- **Task description**
Transcribe the data verbatim and drop its images.

- **Information supplied**
╔══

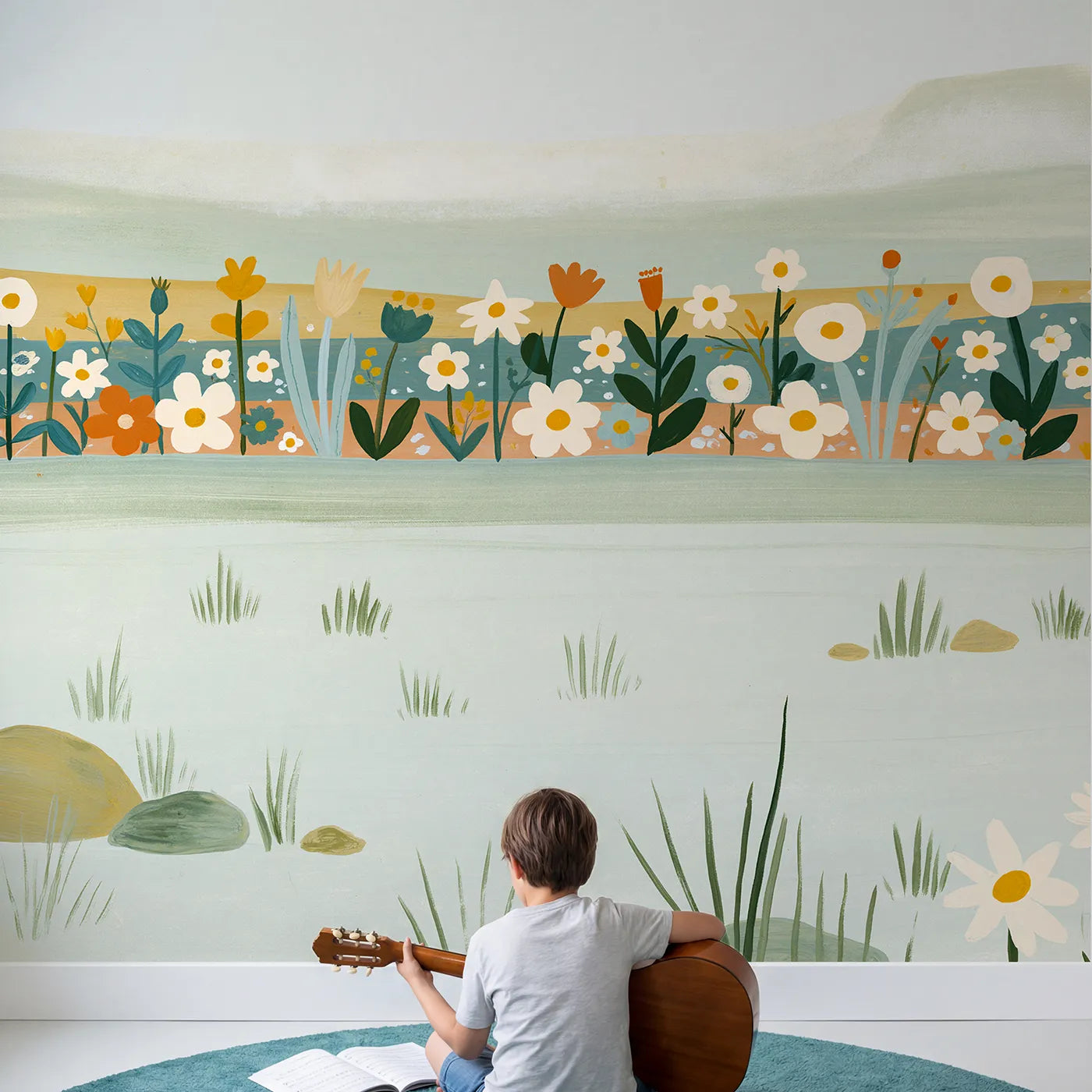 Child in nursery with Folk Botanical Band Wallpaper Mural by Whimsy Tots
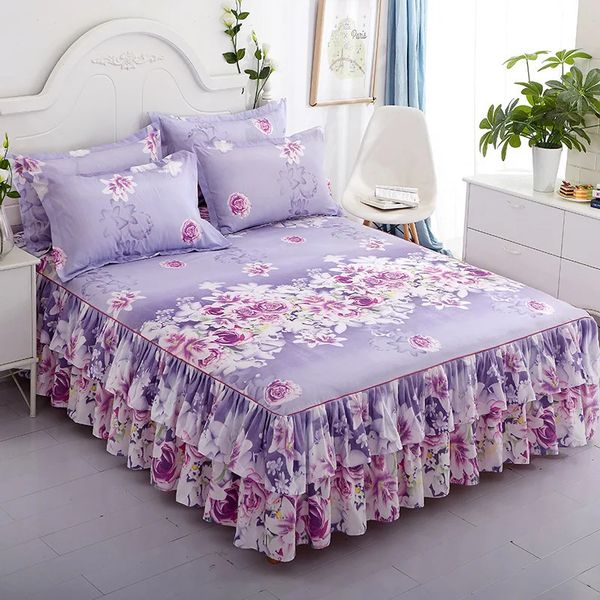 3-piece bedding set with 2 pillowcases for wedding beds, including bed skirt, sheet and mattress cover in full, twin, queen and king sizes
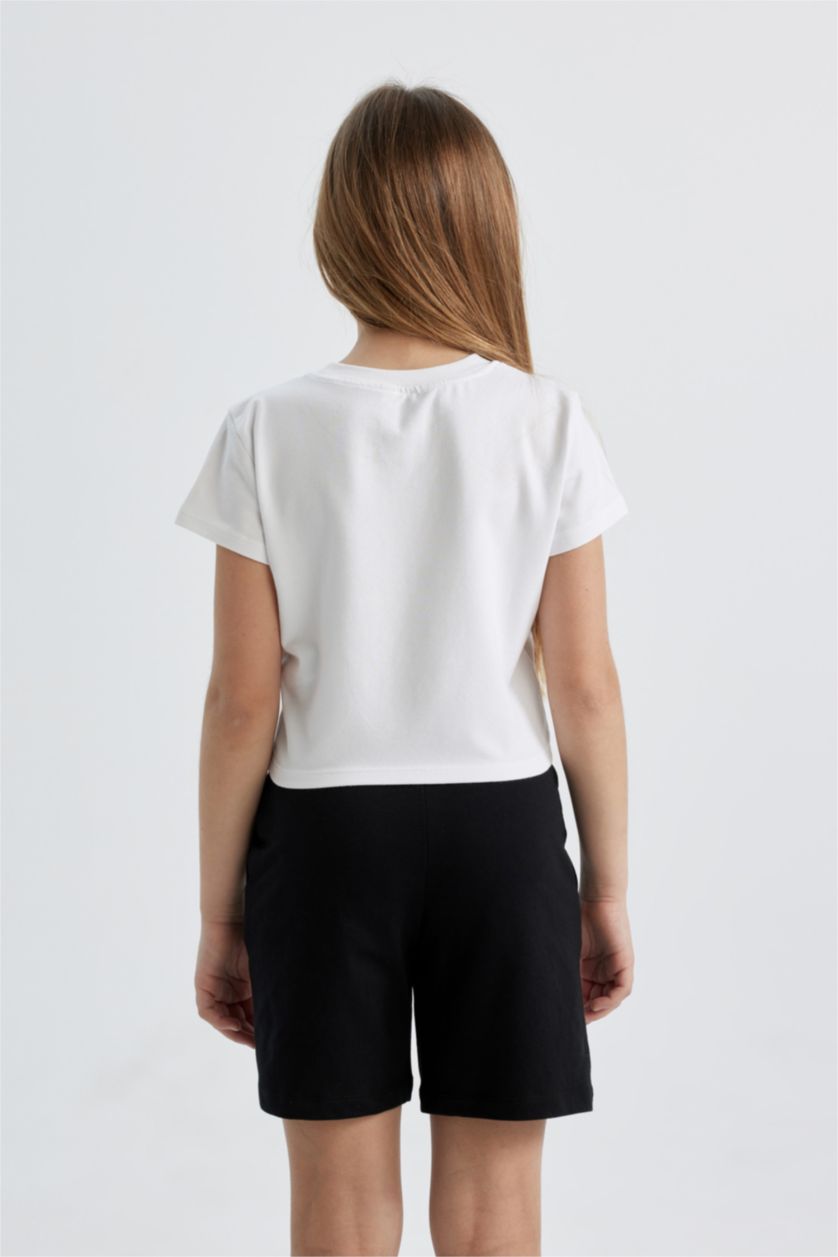 بنات Violet Beyaz تي شيرت بناتي نص ردن مطبوع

╚══

- **Exercise output**
 Child in nursery with Folk Botanical Band Wallpaper Mural by Whimsy Tots
 3-piece bedding set with 2 pillowcases for wedding beds, including bed skirt, sheet and mattress cover in full, twin, queen and king sizes
 بنات Violet Beyaz تي شيرت بناتي نص ردن مطبوع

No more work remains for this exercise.